Ulv apre la bocca e libera la mia mano, l’apre per spalancarla in uno sbadiglio omerico. Non deve fare altro per significarmi che l’ho proprio annoiato: se avesse il dono della parola mi direbbe di certo che gli ho rotto i…. Quando richiude la bocca mi dardeggia un’occhiata delusa, si volta e trotterella lemme verso i compagni di muta. -Ehi!…- lo chiamo ma è finito il tempo di sosta: mangiato, bevuto, chiacchierato e, soprattutto, fotografato, il gruppo di viaggiatori ha voglia di tornare e i musher riaggregano i cani e agganciano le mute alle slitte. I cani si sono riposati ed hanno voglia di correre, i musher li trattengono a malapena per il tempo che ci vuole a noi viaggiatori per sistemarci scomodamente sulle slitte. Poi partono tirando con forza e ben presto corrono a rotta di collo sul ghiaccio, giù per Blæsedal, la valle che soffia, come se avessero fretta di tornarsene a casa, a Qeqertarsuaq.

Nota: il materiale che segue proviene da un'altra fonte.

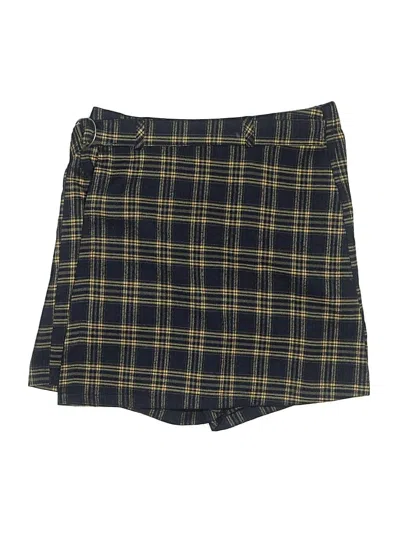 Pre-owned Dazy Shorts In Gold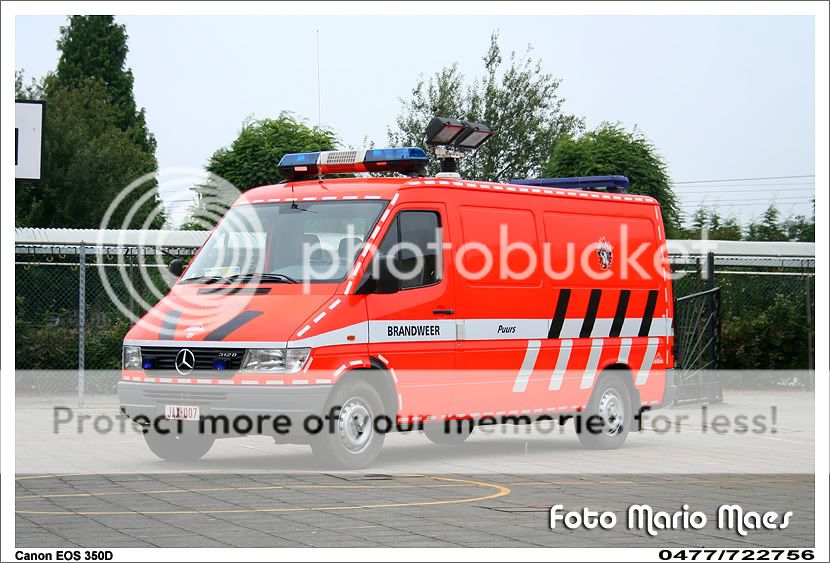 Brandweer Puurs reviseert wagenpark in BVV-striping+ FOTO'S IMG_8829kopie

Dalle slitte alle motoslitte: il giorno seguente, con il mezzo motorizzato che caratterizza il traffico su Disko, abbiamo risalito il ghiacciaio Lyngmarken, un percorso che attraverso aspri canyons di ghiaccio, innevati da neve fresca, ci ha permesso di raggiungere la cima del ghiacciaio a 900 metri di altitudine. Qui l’occhio spazia sulla Baia di Disko. Lo spettacolo degli iceberg che riempiono la baia, emergendo dal pack che qua e là si frantuma, cambia continuamente a seconda della rifrazione della luce che a sua volta cambia continuamente in funzione di un tramonto che sembra interminabile ed infatti lo è, giacché il sole resta immobile per metà immerso nella linea dell’orizzonte come fosse un iceberg di fuoco.
“Un mondo di fiaba…” penso senza troppa fantasia e mi vien da sorridere perché sono certo che se avessi detto una banalità simile a Ulv… quel cagnaccio burbero mi avrebbe di sicuro morso la mano.
Alla fine lasciamo Disko per tornare ad Aasiaat nello stesso modo in cui siamo arrivati: su un elicottero passeggeri perché la banchisa, ancora solida, non consente la prevista traversata in battello. Quando siamo arrivati, Qeqertarsuaq, vista dall’alto con le sue casette multicolorate sparse sul ghiaccio, mi era apparsa come una distesa di canditi immersi nella glassa di una torta. Adesso, nel decollo, più da vicino, pare proprio un panettone spolverato di zucchero.
Aasiaat si trova su un piccolo arcipelago della baia, a ridosso della costa: lì c’è l’aeroporto che consente il collegamento con le varie cittadine groenlandesi e con Kangerlussuaq, che è uno degli aeroporti internazionali della Groenlandia.
L’elicottero vola basso sulla banchisa. Il viaggiatore che siede accanto a me recrimina sul fatto che non s’è vista balena.
-Ma poi perché si chiamano Balene Franche?- chiede, come se ci pensasse per la prima volta.
-Sono stati i balenieri a chiamarle così…pensavano che fossero le balene “giuste” da cacciare… per via della bassa densità del loro strato di grasso queste balene da morte galleggiano, le altre specie di balena no. Sono stati i Baschi i primi a cacciare la Balena Franca…
Mi accorgo che non mi ascolta, il rumore dell’elicottero ha agito su di lui come un sonnifero. Riporto lo sguardo sul pack che sfila sotto il finestrino: si sta spaccando, tanti pezzi di tante forme diverse, naturali composizioni artistiche, mi paiono craquelure, le screpolature naturali che si producono sulla superficie di pitture a olio o nello smalto delle ceramiche.